■ **Excerpted records**:
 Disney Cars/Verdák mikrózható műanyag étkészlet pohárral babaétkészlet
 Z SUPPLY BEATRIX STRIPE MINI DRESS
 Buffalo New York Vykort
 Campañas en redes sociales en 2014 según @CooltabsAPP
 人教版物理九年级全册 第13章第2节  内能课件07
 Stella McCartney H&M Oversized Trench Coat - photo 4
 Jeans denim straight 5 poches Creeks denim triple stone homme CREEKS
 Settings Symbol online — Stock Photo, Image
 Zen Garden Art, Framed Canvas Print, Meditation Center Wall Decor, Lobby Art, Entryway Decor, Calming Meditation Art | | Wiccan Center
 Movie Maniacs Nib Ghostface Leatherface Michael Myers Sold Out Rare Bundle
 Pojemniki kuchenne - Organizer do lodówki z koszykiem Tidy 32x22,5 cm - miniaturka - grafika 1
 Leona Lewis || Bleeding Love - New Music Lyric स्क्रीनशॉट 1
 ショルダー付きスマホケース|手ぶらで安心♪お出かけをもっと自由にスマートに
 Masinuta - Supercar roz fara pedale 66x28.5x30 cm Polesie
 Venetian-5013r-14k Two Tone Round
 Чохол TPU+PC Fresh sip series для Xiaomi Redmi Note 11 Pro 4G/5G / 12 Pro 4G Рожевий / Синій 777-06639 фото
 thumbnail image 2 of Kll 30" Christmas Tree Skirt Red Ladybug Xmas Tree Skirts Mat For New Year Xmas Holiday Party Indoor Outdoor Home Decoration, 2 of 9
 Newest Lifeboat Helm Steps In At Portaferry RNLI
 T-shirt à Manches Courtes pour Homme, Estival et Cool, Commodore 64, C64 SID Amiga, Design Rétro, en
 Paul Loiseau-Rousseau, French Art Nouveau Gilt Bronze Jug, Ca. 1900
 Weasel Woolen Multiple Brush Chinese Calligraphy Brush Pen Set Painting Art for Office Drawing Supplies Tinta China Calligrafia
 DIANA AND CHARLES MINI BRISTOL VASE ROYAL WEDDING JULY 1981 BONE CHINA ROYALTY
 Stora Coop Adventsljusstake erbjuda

■ **How to complete this task**:
Reproduce, word for word, the lines of the data from the one that contains "Weasel Woolen Multiple" to the end, both ends included.

■ **Solution to this problem**:
 Weasel Woolen Multiple Brush Chinese Calligraphy Brush Pen Set Painting Art for Office Drawing Supplies Tinta China Calligrafia
 DIANA AND CHARLES MINI BRISTOL VASE ROYAL WEDDING JULY 1981 BONE CHINA ROYALTY
 Stora Coop Adventsljusstake erbjuda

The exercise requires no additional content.